Une météo calme et ensoleillée est annoncée pour la fin de la semaine. Le gouvernement canadien a toutefois prévu de déplacer la réunion à Ottawa, à 3 200 kilomètres au sud, si jamais les conditions climatiques l'exigeaient.

Le ministre canadien des Finances Jim Flaherty reconnaît qu'outre le fait de montrer les charmes du Nunavut («Notre terre» en inuit), le Canada veut envoyer un message diplomatique avec ce G-7. «C'est l'une des priorités de notre gouvernement, l'affirmation de notre souveraineté dans l'Arctique», explique-t-il.

La fonte des glaces liée au réchauffement climatique libère des couloirs dans l'océan offrant un nouvel accès à des ressources naturelles et à des routes maritimes arctiques.
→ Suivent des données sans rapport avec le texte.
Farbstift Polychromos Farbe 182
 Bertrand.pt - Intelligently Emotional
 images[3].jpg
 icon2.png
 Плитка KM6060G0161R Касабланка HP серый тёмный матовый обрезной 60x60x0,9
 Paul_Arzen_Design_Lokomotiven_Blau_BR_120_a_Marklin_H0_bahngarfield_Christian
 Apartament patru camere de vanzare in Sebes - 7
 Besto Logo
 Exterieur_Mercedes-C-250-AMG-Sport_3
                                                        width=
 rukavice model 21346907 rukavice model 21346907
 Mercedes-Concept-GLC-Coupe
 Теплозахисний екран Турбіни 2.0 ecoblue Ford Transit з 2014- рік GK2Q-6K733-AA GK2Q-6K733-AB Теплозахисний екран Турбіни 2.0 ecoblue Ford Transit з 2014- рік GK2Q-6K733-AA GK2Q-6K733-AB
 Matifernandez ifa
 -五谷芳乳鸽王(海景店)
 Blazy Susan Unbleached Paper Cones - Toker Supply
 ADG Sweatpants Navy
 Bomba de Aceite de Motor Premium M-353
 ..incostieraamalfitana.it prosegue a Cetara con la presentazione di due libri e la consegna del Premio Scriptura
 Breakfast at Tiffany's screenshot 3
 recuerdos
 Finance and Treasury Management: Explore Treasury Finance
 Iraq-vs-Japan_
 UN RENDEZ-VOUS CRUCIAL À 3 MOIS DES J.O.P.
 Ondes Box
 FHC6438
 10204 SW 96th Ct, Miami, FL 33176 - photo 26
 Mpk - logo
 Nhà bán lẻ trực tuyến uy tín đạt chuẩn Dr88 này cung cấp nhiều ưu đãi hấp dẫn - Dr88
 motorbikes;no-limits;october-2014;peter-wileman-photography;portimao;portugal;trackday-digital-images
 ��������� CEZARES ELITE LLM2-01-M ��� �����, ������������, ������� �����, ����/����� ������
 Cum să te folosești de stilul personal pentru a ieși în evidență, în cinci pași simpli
Le premier ministre canadien Stephen Harper a fait de l'Arctique une priorité et veut accroître la présence militaire canadienne le long du Passage du Nord-Ouest, entre l'Atlantique et le Pacifique, pour le cas où il deviendrait une voie navigable régulière.

Le Canada estime que ce passage, qui serpente entre les îles arctiques du grand Nord canadien, lui appartient, alors que les États-Unis et d'autres pays le considèrent comme une zone internationale. Par ailleurs, le Canada et le Danemark revendiquent chacun l'îlot de Hans à l'entrée orientale du Passage. De l'autre côté de l'Amérique du Nord, la frontière maritime entre l'Alaska et le Canada est également la source d'un contentieux.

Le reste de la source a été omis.